» TASK INSTRUCTIONS: The answer must reproduce all of the data below exactly and contain no images.

======== DATA IN THIS EXERCISE

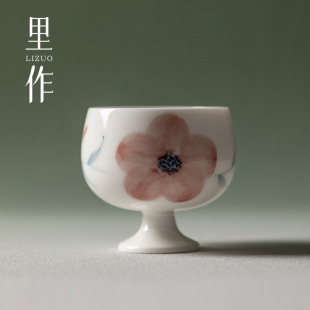 里作玉瓷纯手绘高足主人杯高档功夫茶具茶杯陶瓷品茗杯喝茶杯单杯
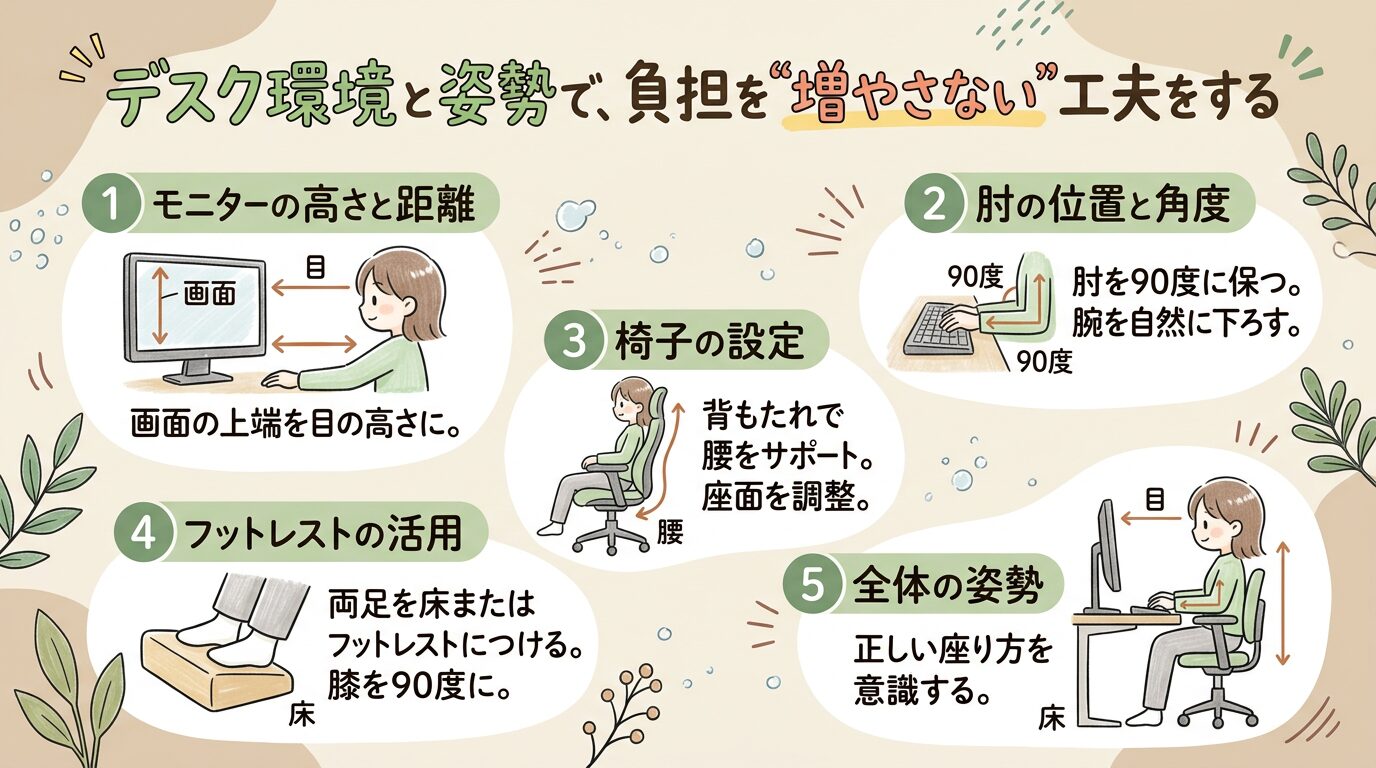 デスク環境と姿勢で、負担を増やさない工夫をする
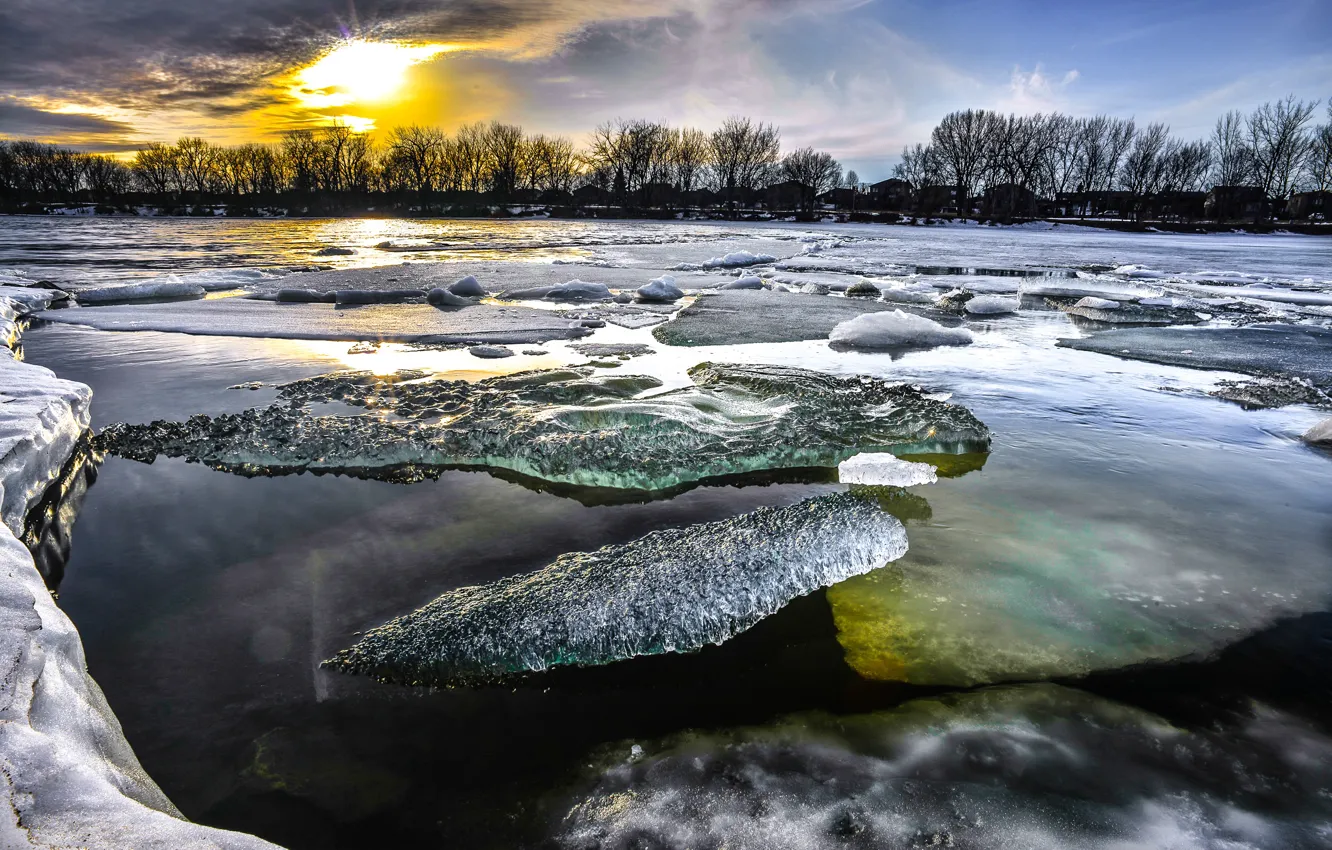 Photo wallpaper river, ice, morning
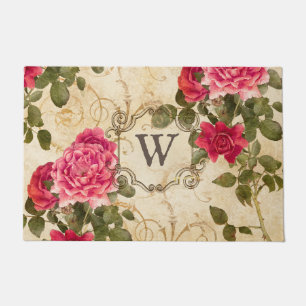 Vintage Pink Red Rose Gold Damask Monogram Doormat
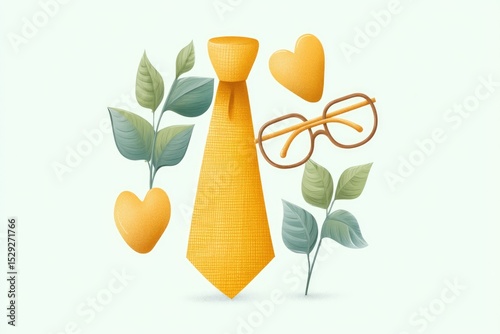 Hand-drawn Fathers Day Greeting Card Featuring a Yellow Tie, Glasses, and Hearts Surrounded by Leaves for a Heartfelt Celebration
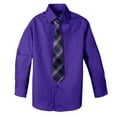 thumbnail image 1 of Spring Notion Big Boys' Cotton Blend Dress Shirt and Tie Set, Purple, 1 of 3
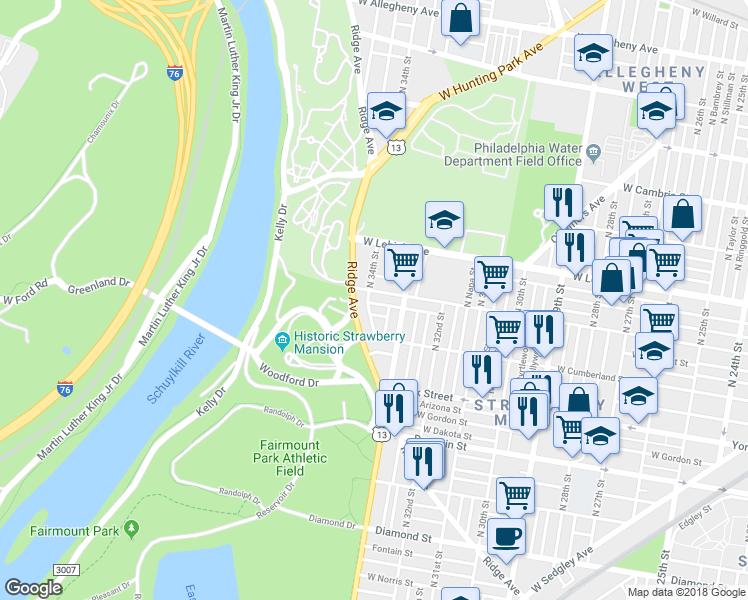 map of restaurants, bars, coffee shops, grocery stores, and more near 3341 West Sergeant Street in Philadelphia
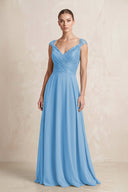 A - Line Chiffon V - Neck Pleated Bridesmaid Dress with Cap Sleeves in Steel Blue - KissProm Bridesmaid Dresses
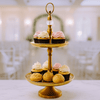 Fancy 2-Tier Ceramic Hammered Dessert Stand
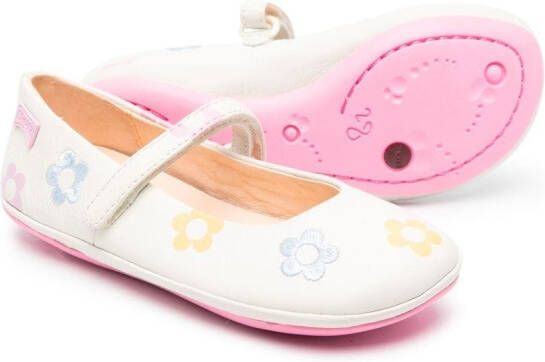 Camper Kids Ballerina's met geborduurde bloemen Wit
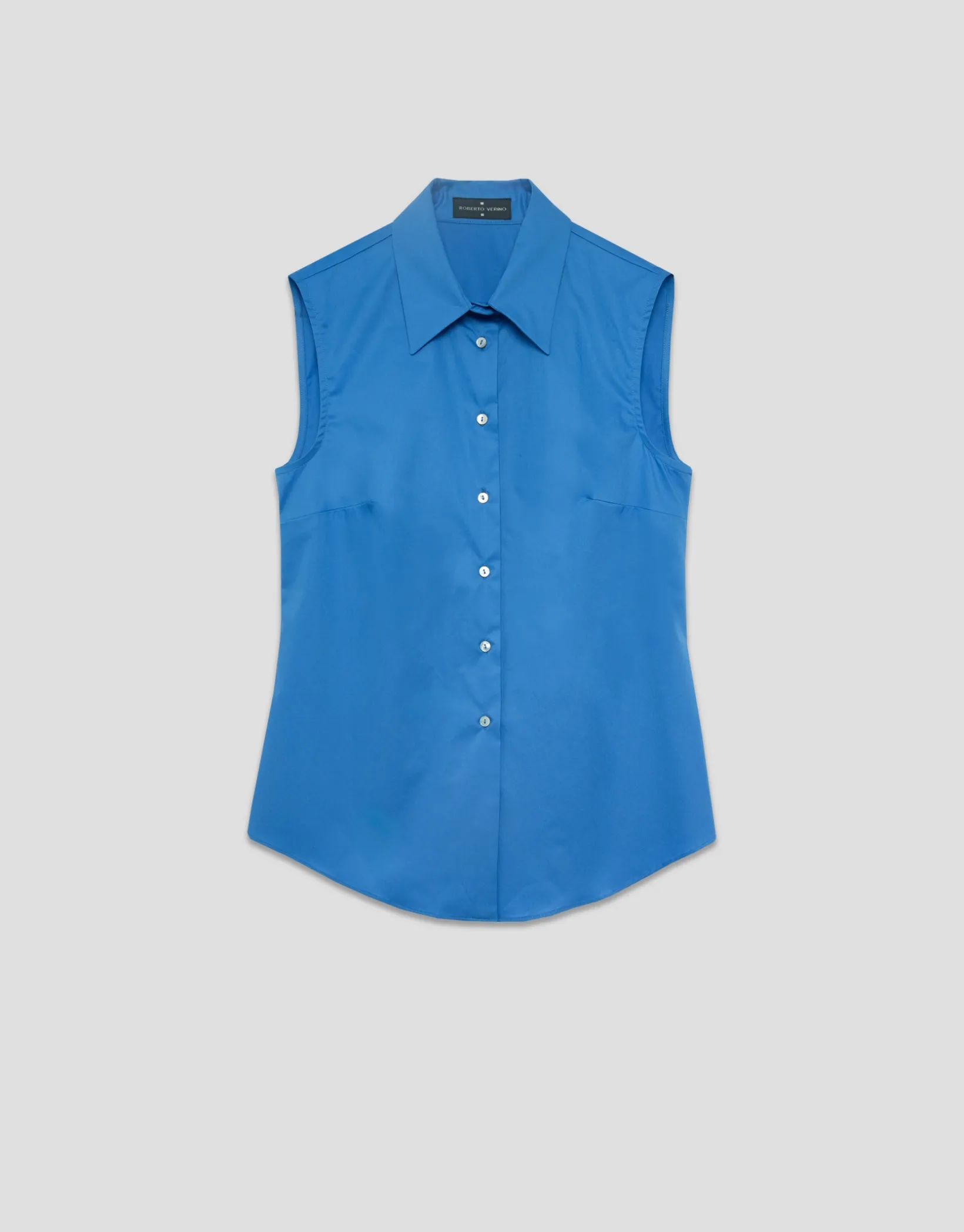 Camisa sin mangas algodón azul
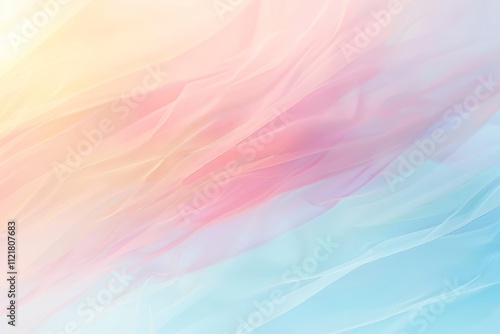 Soft Pastel Background with Flowing Fabric Texture, Abstract Design with Light Pink, Blue, and Yellow Hues for Elegant and Serene Aesthetic Applications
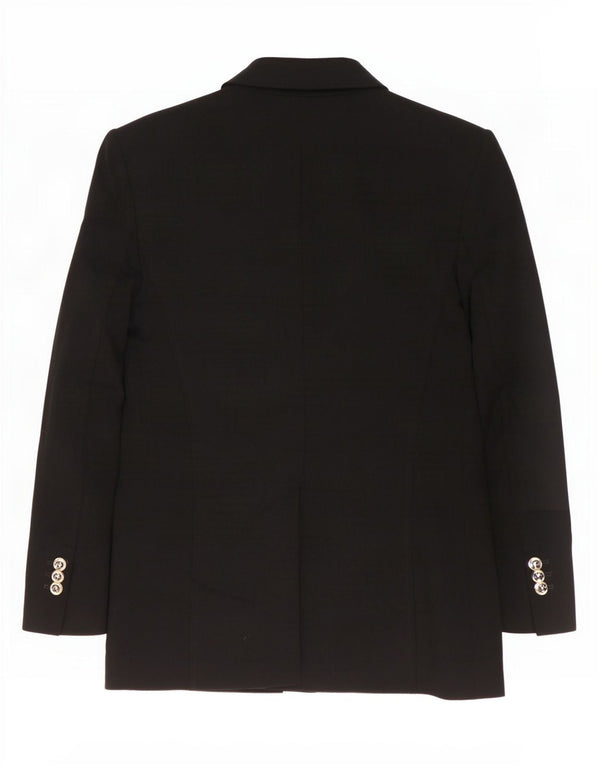 Zara Womens Double Breasted Blazer Jacket UK 10 Small Black Polyester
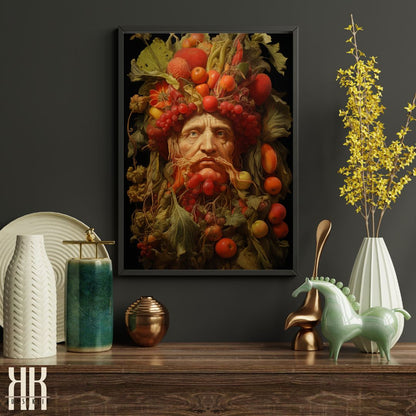 Fruits and Flowers Encircled Man Art Print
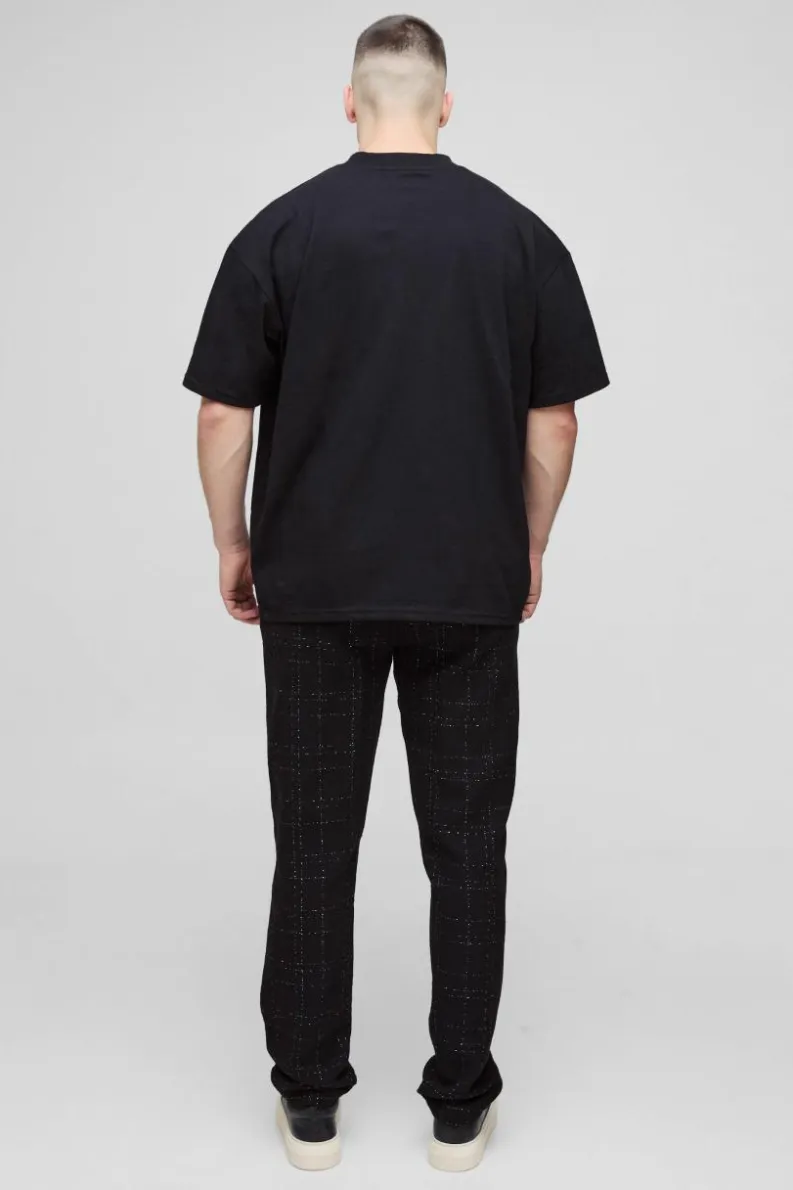Best boohooMAN Tall Boucle Tapered Trousers black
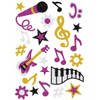 2x set muziek glitter stickers - Stickers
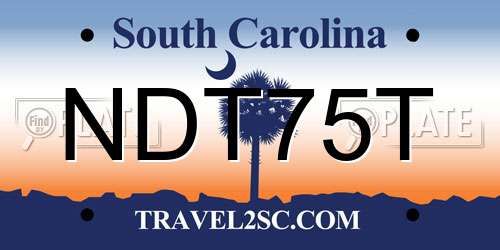 NDT75T South Carolina License Plate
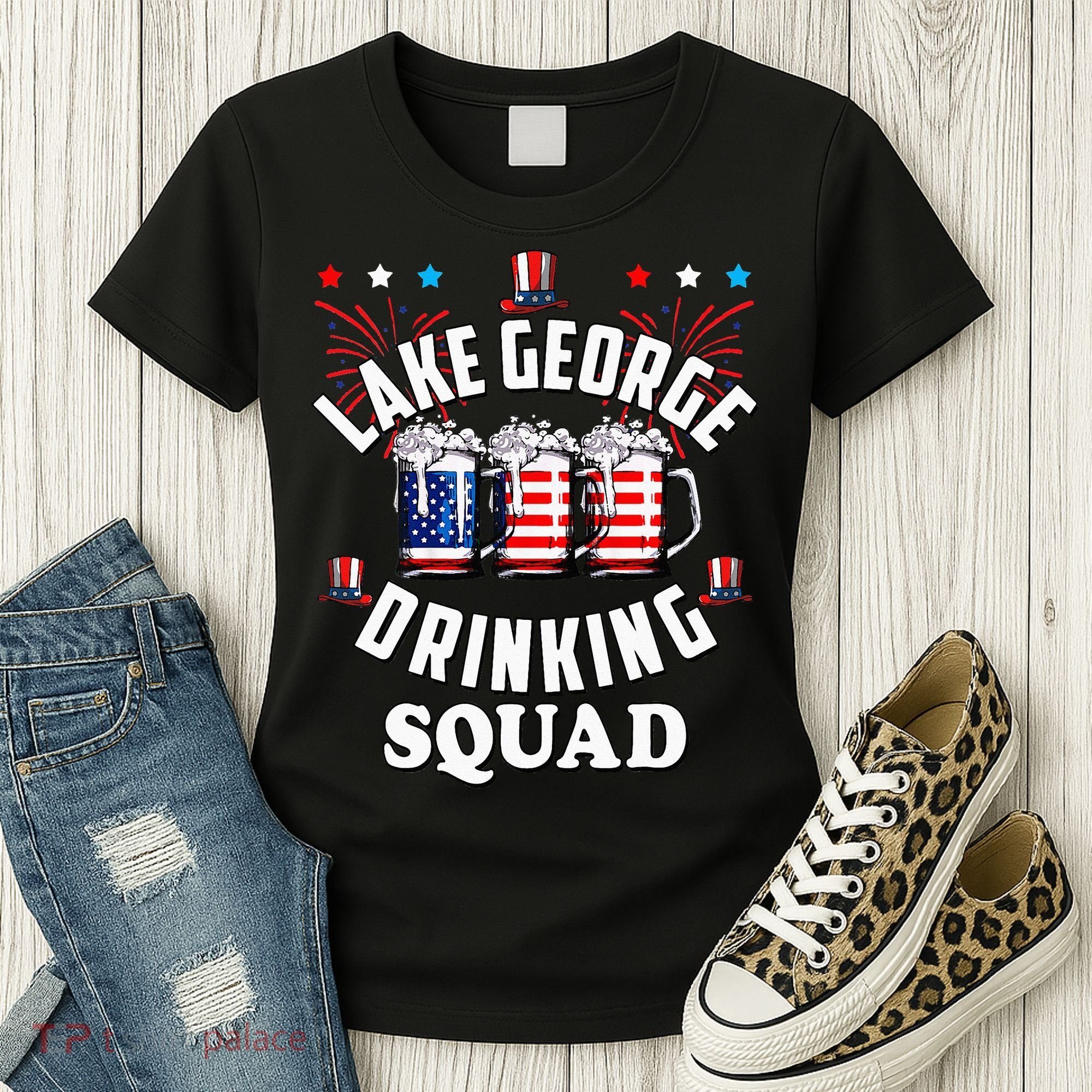 lake george drinking squad 4th of july usa flag beer Women's T-Shirt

================

» TASK RESPONSE:
 里作玉瓷纯手绘高足主人杯高档功夫茶具茶杯陶瓷品茗杯喝茶杯单杯
 デスク環境と姿勢で、負担を増やさない工夫をする
 Photo wallpaper river, ice, morning
 Vintage Pink Red Rose Gold Damask Monogram Doormat
 Hand-drawn Fathers Day Greeting Card Featuring a Yellow Tie, Glasses, and Hearts Surrounded by Leaves for a Heartfelt Celebration
 thumbnail image 1 of Spring Notion Big Boys' Cotton Blend Dress Shirt and Tie Set, Purple, 1 of 3
 map of restaurants, bars, coffee shops, grocery stores, and more near 3341 West Sergeant Street in Philadelphia
 A - Line Chiffon V - Neck Pleated Bridesmaid Dress with Cap Sleeves in Steel Blue - KissProm Bridesmaid Dresses
 Fancy 2-Tier Ceramic Hammered Dessert Stand
 Camper Kids Ballerina's met geborduurde bloemen Wit
 Camisa sin mangas algodón azul
 Soft Pastel Background with Flowing Fabric Texture, Abstract Design with Light Pink, Blue, and Yellow Hues for Elegant and Serene Aesthetic Applications
 Zara Womens Double Breasted Blazer Jacket UK 10 Small Black Polyester
 Fruits and Flowers Encircled Man Art Print
Best boohooMAN Tall Boucle Tapered Trousers black
 2x set muziek glitter stickers - Stickers
 NDT75T South Carolina License Plate
 lake george drinking squad 4th of july usa flag beer Women's T-Shirt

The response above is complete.